ABOUT THIS TASK — Print out the data exactly, keeping every image out of it.

DATASET EXCERPT —
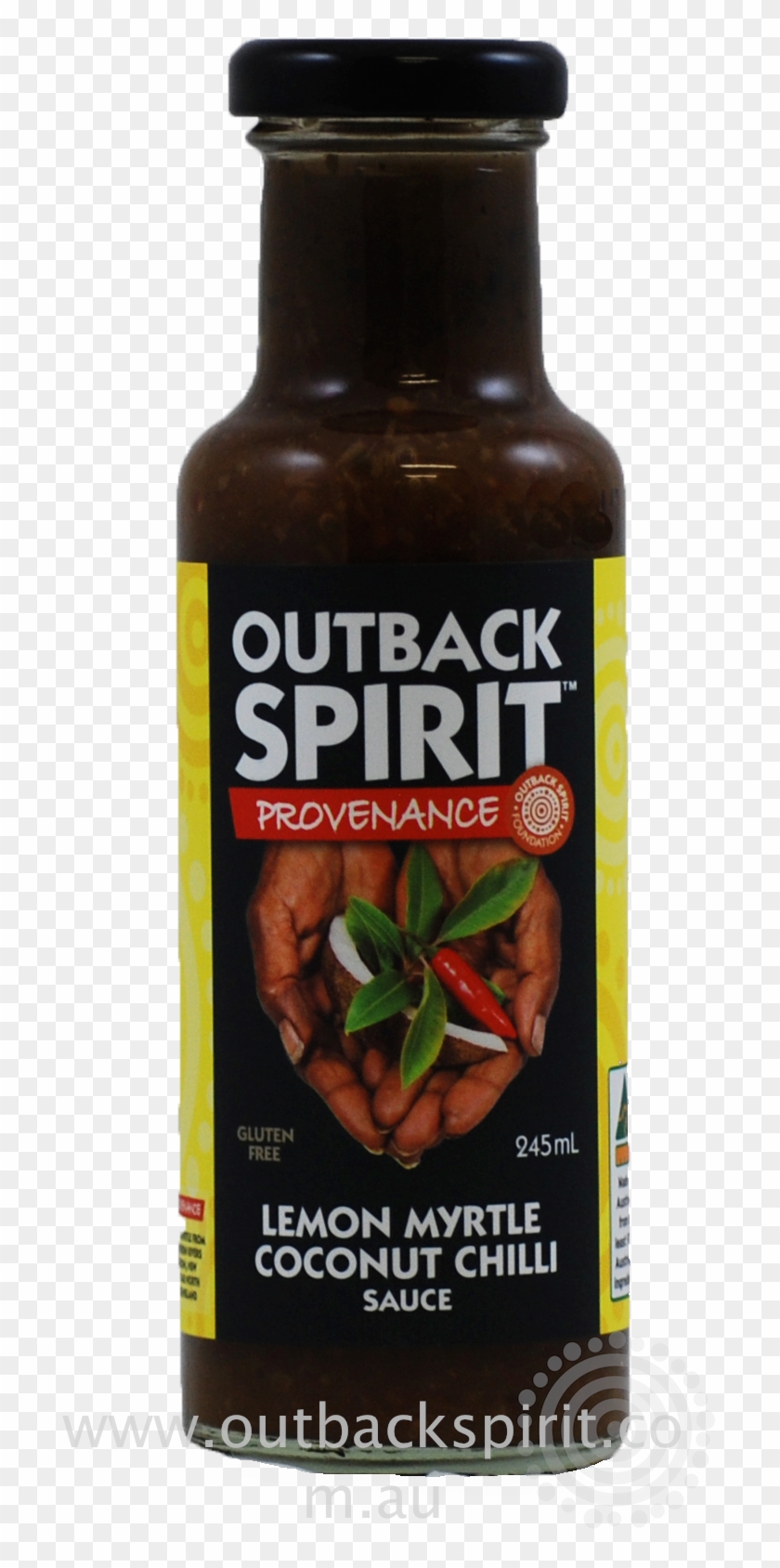 Carton Of 6 $15 - Outback Spirit Clipart
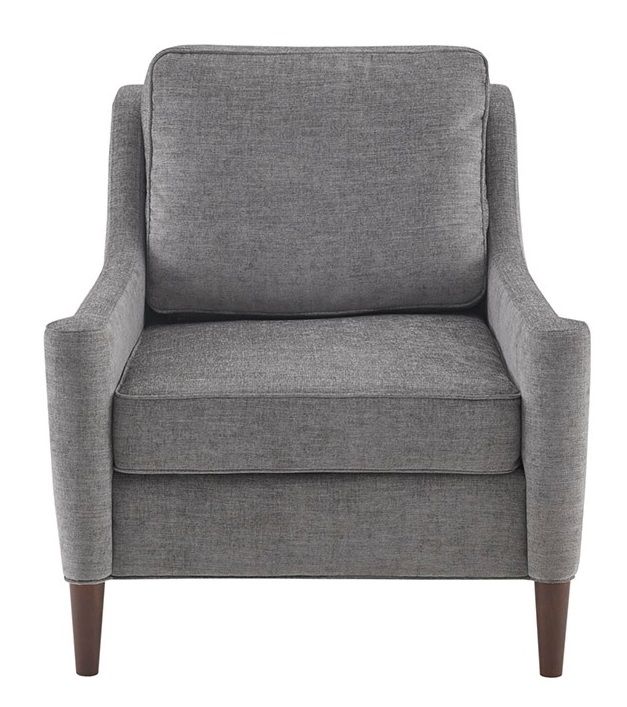 Olliix by Madison Park Signature Windsor Dark Grey Lounge-0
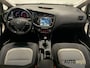 Kia Ceed Cee'd 1.6 GDI Plus Pack|NL AUTO|NAVI|CAMERA|GOED ONDERHOUDEN|CLIMA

EXPECTED ANSWER —
 Carton Of 6 $15 - Outback Spirit Clipart
 Olliix by Madison Park Signature Windsor Dark Grey Lounge-0
 Kia Ceed Cee'd 1.6 GDI Plus Pack|NL AUTO|NAVI|CAMERA|GOED ONDERHOUDEN|CLIMA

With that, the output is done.